How to complete this task: Tally the lines containing "West" in this data. Respond with the tally alone.

Crawled caption data
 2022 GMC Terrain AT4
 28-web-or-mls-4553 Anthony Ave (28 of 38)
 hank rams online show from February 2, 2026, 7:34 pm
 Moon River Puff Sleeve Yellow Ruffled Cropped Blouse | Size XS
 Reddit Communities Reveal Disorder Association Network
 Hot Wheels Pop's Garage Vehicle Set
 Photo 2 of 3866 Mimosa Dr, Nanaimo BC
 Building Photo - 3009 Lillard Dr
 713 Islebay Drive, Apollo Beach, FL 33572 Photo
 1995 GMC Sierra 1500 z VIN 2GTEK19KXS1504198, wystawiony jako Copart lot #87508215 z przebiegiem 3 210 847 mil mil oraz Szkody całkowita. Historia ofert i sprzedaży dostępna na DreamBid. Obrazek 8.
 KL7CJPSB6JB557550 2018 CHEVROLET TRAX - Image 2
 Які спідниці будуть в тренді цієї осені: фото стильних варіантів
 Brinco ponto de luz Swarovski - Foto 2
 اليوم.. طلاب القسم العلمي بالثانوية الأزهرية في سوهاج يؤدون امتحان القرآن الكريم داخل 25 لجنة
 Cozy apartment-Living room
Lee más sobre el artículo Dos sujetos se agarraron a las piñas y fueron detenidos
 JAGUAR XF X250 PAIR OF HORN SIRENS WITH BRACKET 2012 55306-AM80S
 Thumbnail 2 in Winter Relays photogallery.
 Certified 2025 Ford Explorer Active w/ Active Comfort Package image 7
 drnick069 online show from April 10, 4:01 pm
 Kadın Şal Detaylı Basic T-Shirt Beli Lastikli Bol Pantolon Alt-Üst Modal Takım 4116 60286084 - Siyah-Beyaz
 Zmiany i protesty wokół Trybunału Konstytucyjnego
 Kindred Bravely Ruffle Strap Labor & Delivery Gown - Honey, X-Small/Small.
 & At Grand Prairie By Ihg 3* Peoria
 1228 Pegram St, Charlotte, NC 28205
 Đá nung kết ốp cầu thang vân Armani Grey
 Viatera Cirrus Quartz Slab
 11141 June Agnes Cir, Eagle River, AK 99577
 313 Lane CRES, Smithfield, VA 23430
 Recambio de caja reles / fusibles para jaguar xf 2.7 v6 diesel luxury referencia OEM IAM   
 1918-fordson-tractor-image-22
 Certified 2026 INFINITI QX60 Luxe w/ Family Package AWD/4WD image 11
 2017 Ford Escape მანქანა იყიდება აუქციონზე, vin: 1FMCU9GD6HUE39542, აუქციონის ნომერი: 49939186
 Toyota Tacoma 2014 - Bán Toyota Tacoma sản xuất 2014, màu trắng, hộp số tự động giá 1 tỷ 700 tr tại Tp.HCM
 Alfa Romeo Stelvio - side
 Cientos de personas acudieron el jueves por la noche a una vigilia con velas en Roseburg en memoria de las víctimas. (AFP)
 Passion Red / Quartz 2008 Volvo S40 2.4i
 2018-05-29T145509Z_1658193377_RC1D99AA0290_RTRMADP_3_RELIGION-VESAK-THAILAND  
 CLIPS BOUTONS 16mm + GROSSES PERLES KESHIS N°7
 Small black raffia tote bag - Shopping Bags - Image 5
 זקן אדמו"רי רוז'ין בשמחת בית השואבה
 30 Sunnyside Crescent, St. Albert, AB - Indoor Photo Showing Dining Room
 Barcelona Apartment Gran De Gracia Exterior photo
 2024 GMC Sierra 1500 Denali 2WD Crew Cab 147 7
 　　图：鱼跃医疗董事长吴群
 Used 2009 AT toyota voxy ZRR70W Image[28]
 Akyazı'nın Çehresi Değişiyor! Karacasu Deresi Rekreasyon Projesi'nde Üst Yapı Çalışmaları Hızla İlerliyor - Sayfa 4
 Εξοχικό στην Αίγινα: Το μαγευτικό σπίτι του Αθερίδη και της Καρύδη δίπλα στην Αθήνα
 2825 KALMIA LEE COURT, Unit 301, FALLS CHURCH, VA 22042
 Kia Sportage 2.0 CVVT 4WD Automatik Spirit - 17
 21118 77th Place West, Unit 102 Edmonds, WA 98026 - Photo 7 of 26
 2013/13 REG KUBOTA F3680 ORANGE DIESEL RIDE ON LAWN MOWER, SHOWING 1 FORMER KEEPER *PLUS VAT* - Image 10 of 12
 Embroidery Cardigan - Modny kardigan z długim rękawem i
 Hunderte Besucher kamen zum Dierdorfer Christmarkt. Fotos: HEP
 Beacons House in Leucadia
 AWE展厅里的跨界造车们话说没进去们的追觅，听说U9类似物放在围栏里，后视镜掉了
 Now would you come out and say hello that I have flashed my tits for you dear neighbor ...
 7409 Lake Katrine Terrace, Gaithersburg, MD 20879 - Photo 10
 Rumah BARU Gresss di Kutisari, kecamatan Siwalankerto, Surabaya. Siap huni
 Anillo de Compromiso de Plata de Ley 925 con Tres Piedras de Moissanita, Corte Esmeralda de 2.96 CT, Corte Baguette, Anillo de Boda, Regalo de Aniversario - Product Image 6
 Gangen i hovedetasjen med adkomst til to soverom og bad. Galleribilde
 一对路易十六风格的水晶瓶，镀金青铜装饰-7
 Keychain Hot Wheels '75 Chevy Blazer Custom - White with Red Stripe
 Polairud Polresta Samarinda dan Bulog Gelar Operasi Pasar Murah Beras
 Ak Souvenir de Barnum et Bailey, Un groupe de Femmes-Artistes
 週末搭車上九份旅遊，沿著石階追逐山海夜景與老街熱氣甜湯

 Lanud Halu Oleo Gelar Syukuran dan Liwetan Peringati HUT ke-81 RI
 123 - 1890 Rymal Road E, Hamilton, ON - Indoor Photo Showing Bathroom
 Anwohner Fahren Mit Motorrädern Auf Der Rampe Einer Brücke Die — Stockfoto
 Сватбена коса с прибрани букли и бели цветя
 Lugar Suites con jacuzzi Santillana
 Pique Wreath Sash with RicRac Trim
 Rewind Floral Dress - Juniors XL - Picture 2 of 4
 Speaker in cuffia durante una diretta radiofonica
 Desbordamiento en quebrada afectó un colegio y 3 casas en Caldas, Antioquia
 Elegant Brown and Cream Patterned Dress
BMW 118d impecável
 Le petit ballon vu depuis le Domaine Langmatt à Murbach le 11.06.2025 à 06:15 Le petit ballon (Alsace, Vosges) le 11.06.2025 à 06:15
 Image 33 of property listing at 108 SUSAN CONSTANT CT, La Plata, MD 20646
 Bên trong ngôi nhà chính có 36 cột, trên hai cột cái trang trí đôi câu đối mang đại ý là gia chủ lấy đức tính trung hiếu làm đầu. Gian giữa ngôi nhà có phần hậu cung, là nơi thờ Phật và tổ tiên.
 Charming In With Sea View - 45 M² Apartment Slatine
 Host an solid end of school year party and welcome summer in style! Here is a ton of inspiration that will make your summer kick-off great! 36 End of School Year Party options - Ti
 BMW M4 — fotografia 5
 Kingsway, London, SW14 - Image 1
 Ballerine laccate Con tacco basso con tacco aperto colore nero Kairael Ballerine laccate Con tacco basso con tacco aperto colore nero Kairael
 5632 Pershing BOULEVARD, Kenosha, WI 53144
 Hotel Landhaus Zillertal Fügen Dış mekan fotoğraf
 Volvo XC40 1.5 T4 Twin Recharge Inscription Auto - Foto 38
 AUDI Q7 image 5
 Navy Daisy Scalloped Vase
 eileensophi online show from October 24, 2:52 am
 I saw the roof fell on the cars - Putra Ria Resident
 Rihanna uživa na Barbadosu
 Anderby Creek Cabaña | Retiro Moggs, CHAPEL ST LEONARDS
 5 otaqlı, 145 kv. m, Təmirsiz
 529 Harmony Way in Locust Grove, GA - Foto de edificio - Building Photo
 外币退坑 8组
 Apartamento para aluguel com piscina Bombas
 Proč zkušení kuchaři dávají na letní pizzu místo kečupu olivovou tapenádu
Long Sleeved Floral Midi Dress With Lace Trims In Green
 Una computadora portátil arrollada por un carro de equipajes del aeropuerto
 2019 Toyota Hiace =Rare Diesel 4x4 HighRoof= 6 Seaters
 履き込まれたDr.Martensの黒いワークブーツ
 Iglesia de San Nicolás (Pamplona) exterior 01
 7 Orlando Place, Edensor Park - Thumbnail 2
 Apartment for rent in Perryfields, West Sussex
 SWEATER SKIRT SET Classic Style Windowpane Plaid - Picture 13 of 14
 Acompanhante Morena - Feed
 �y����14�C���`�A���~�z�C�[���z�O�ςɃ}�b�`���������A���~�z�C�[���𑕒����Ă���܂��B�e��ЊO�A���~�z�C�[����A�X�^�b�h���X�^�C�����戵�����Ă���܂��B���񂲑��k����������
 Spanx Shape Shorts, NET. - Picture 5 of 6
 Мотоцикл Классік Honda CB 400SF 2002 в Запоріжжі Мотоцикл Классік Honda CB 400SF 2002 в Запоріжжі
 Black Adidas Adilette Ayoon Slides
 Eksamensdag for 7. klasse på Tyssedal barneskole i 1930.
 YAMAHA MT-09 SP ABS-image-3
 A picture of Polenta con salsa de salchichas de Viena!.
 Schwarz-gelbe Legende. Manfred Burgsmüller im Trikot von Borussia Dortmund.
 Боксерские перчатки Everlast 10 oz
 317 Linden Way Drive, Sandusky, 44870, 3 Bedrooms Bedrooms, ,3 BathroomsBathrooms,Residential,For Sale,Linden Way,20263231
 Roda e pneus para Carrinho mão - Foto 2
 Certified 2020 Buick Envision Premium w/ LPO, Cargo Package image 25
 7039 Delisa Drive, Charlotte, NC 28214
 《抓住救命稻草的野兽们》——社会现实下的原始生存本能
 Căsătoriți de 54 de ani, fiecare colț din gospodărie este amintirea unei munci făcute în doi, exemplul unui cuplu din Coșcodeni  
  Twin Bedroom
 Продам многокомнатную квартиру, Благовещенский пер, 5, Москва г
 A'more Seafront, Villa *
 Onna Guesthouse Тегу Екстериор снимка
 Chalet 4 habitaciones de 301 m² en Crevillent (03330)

Answer area: 2